経済産業省と国土交通省では、2040年を目標とした物流のあるべき将来像として、「フィジカルインターネット・ロードマップ」を2022年3月に策定し、業界横断的に行うべき取り組みの1つとして「物流拠点(自動化・機械化)」を掲げている。そのような中、物流施設におけるサプライチェーン横断的な自動化機器の効果的導入・活用事例の創出に取り組む実証事業の公募が行われ、8社(※1)による共同事業の提案が採択された。
※1:フレームワークスが採択先となり、他7社はその委託・請負先となる。
●8社による実証実験のポイント
(1)物流施設における様々な自動化機器を統一的な方法で制御・管理するための標準化[システムI/F(※2)標準化の実証]
(2)商慣行によって形状が異なる段ボールケースを自動化機器が扱いやすくするための標準化[包装標準化の実証]
(3)異種の複数事業者(※3)で標準化検討活動を推進
※2:インターフェース:システムを構成する異なるハードウェアやソフトウェア間の通信を行う際の情報の渡し方等を決めたもの。
※3:自動化機器に関するシステムインテグレーターやメーカー、およびサプライチェーンにおける発荷主・着荷主・物流事業者。
●実証実験による具体的な期待成果
(1)システムI/F標準化の実証
物流施設における様々な自動化機器を導入するにあたり、既設の上位システムやその他機器と連携させるためのソフトウェア等のカスタマイズが必要となる。
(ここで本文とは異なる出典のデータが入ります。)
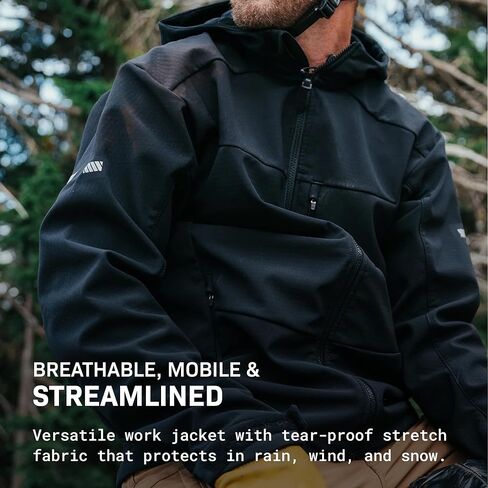 TRUEWERK Men's Insulated Work Jacket - S3 Solution Zip-Up Hoodie, Fleece-Lined, Waterproof Tactical Coat with 4-Way Stretch, XX-Large, Black in Kuwait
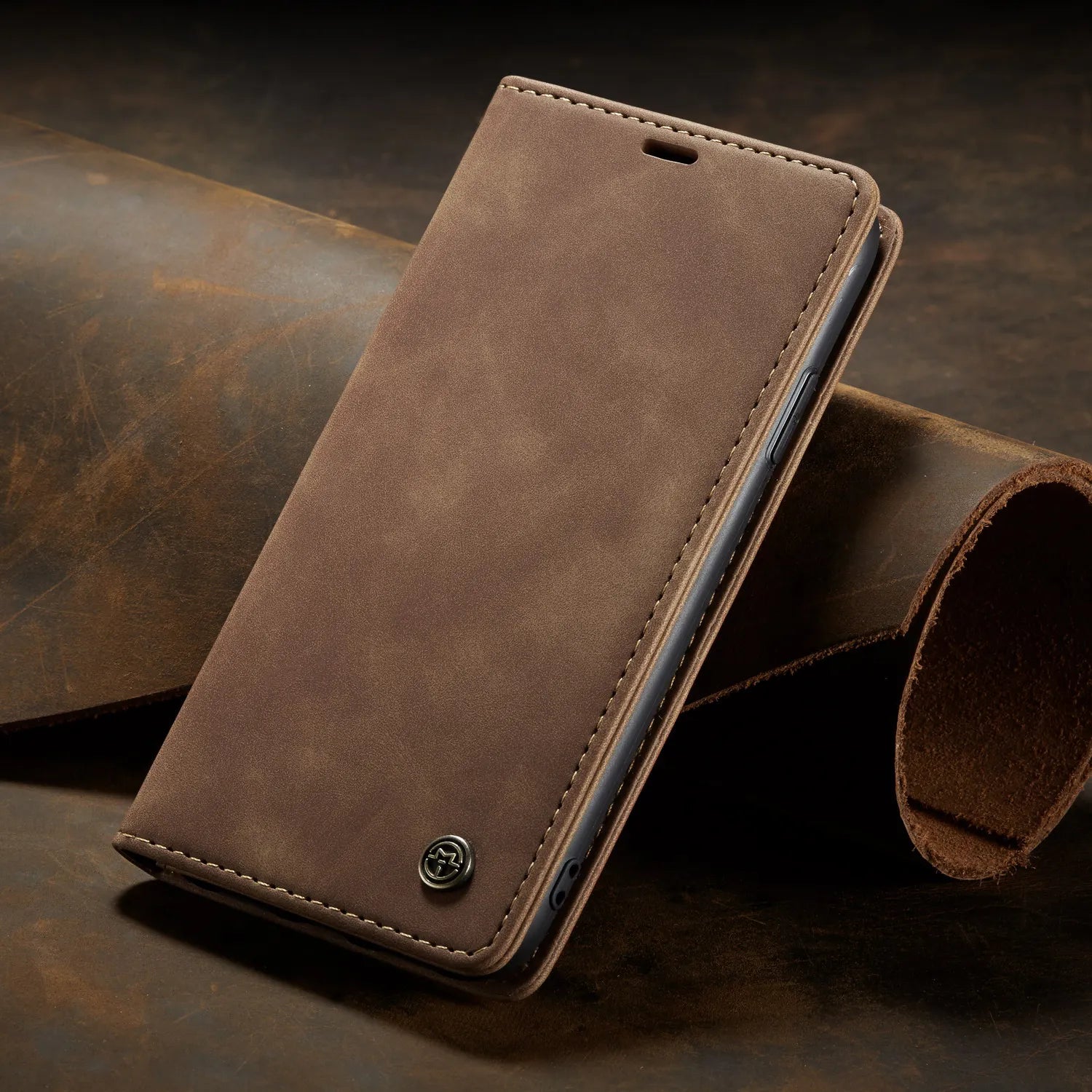Magnetische Wallet Hülle für Samsung Galaxy A14/A53/A54/A73/S20Ultra/S20Plus/S20/S21Ultra/S21Plus/S21/S21FE/S22Ultra/S22Plus/S22/S23Ultra/S23Plus/S23/S24Plus/S4- Flip Case Braun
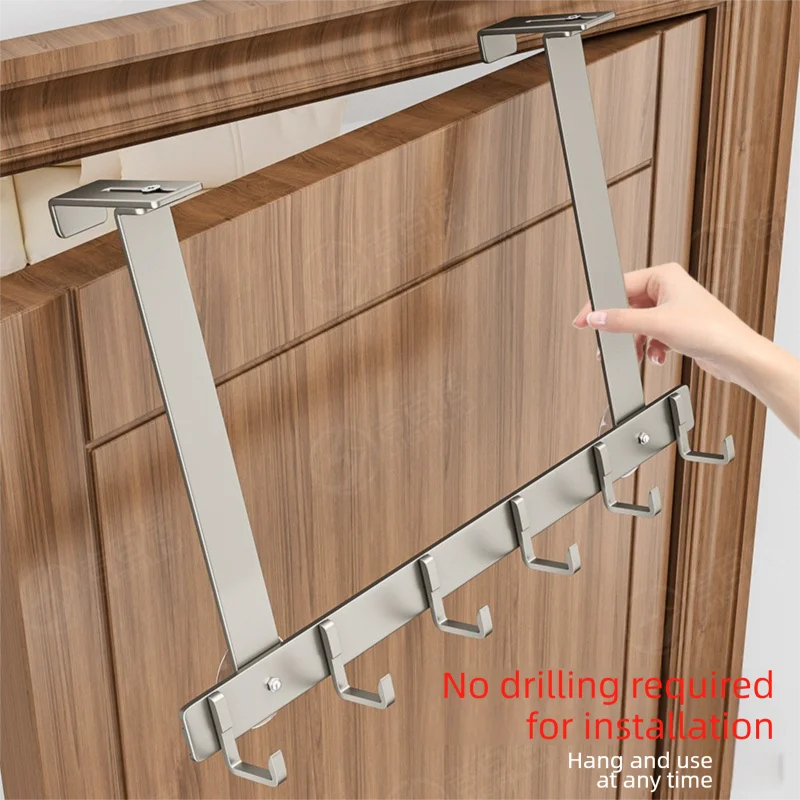 Luxury Non-Perforated Coat Hook - Heavy Duty Bathroom & Door Hanger, No Drill Wall Hook for Towels/Robes, Space-Saving Design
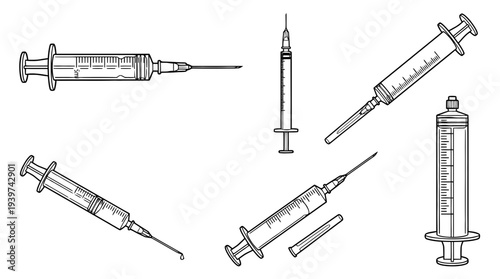 syringe , realistic line art vector set , white background , PNG and SVG isolate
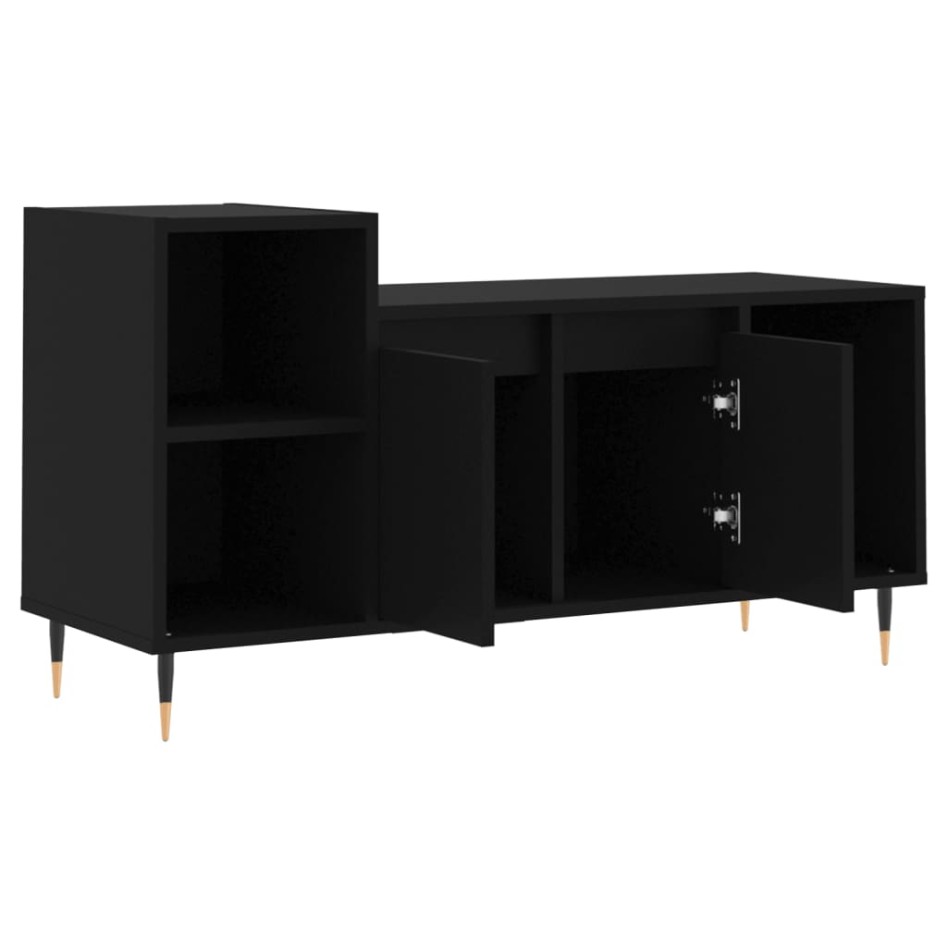 Mueble para TV madera contrachapada negro 100x35x55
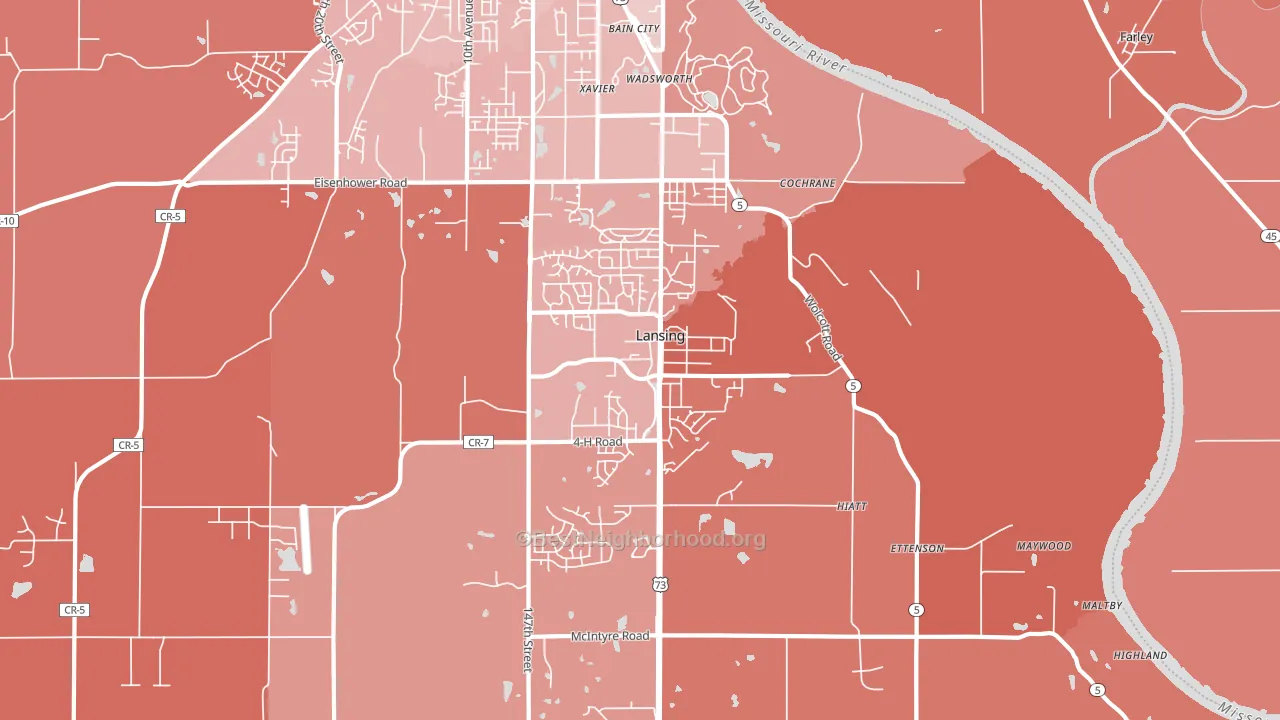 Lansing, KS block-group political-lean map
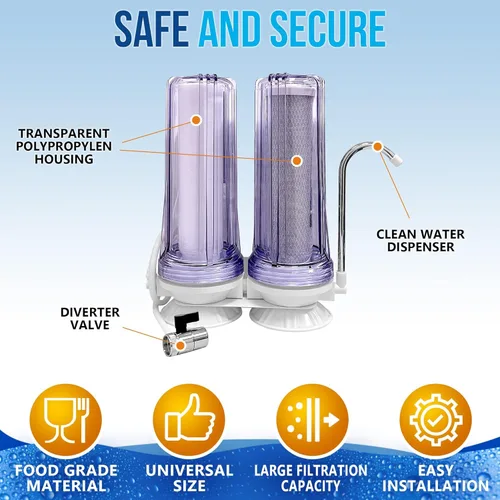 Miniatura 3 de El sistema de filtración de agua potable para encimera de 2 etapas elimina el cloro, la carcasa transparente y el suministro anual (2 extra) CTO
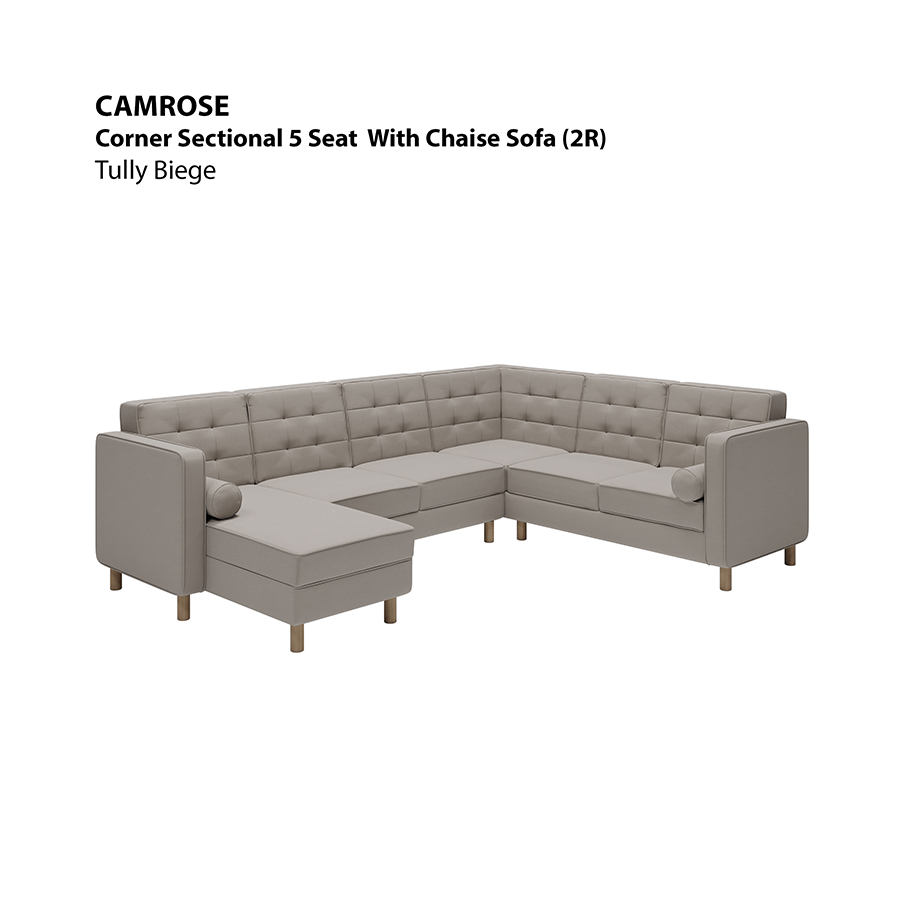 MORE CAMROSE OPTIONS Camrose Corner Sectional 5 Seat with Chaise (2R) Sofa Camrose Corner Sectional 5 Seat with Chaise (2R) Sofa Leatherette Tully Beige Mandaue Foam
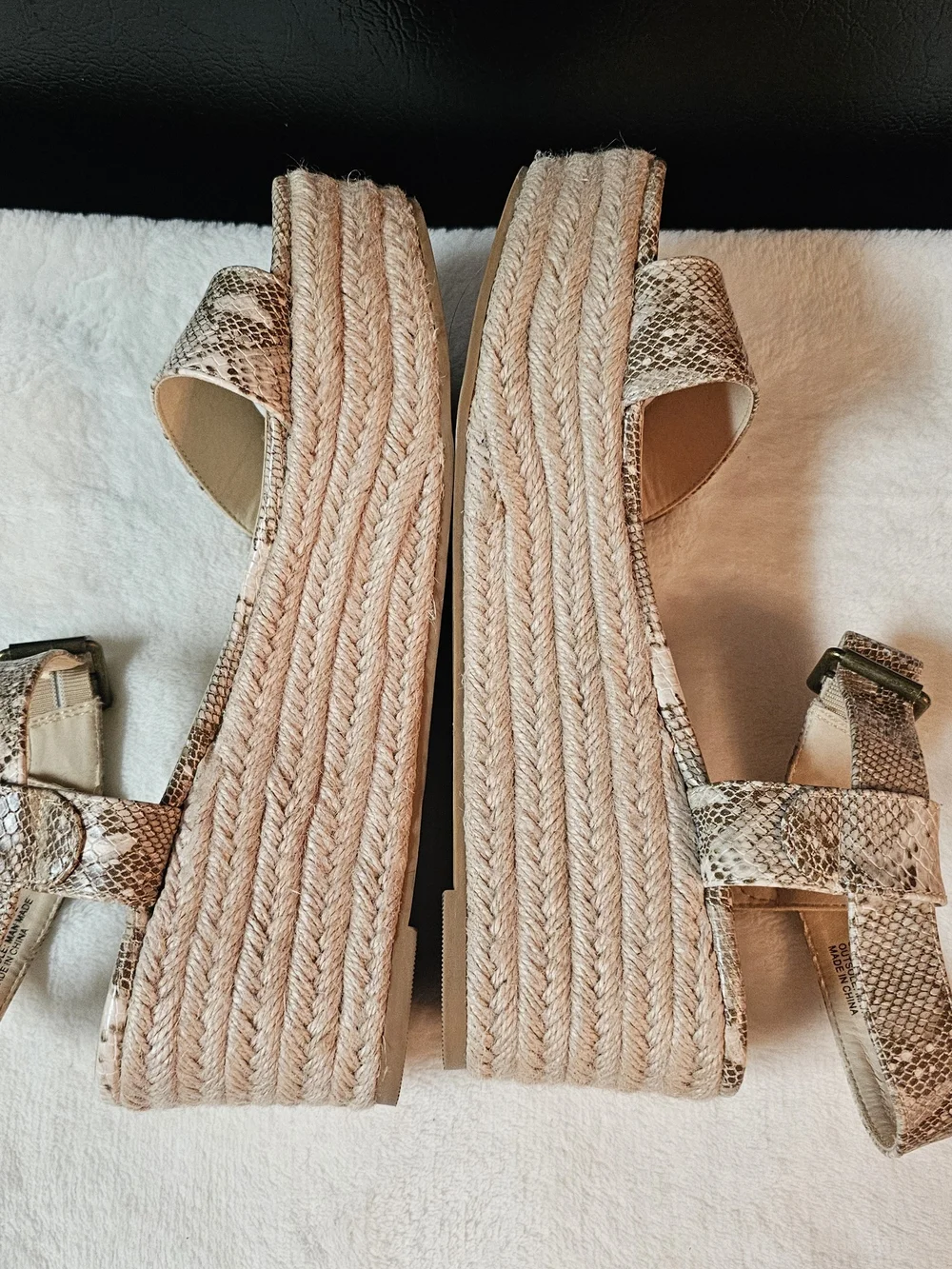 Snake-Print Platform Sandals Boho Women's Size 9 Coconuts by Matisse Tropical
システムI/F標準化によって期待される効果の1つに、ソフトウェア等のカスタマイズにかかる期間の短縮や人件費の抑制、さらには自動化機器稼働までの期間短縮やコスト低減が挙げられる。
今回の実証実験では、多くの物流施設で普及しつつあるアーム型ロボットを用いたデパレタイズとカゴ車積み付けを対象に、ロボットの社会実装を加速するための標準的なシステムI/F仕様の設計を目指す。
(2)包装標準化の実証
流通・物流領域における自動化設備、特にアーム型ロボットの導入によって期待される効果の1つに“より多くの対象物の把持による人手作業負荷の軽減”が挙げられる。当該市場における物量調査および従事者ヒアリングの結果から、物量が多くかつ重量があり、荷役負荷の高い清涼飲料を対象とする。特にロボット把持が比較的難しいとされる特定の大型飲料包装ケースで実証実験することで、ロボット導入を広く実現するための標準的な包装仕様の設計を目指す。
これらの実証実験を通じて、経済産業省がロボット政策として推進している、ロボットを導入しやすい環境[ロボットフレンドリー(ロボフレ)環境※4]の実現に貢献するほか、サプライチェーン・物流の効率化による生産性の向上と流通・物流業の持続可能な成長に向けて取り組んでいくとしている。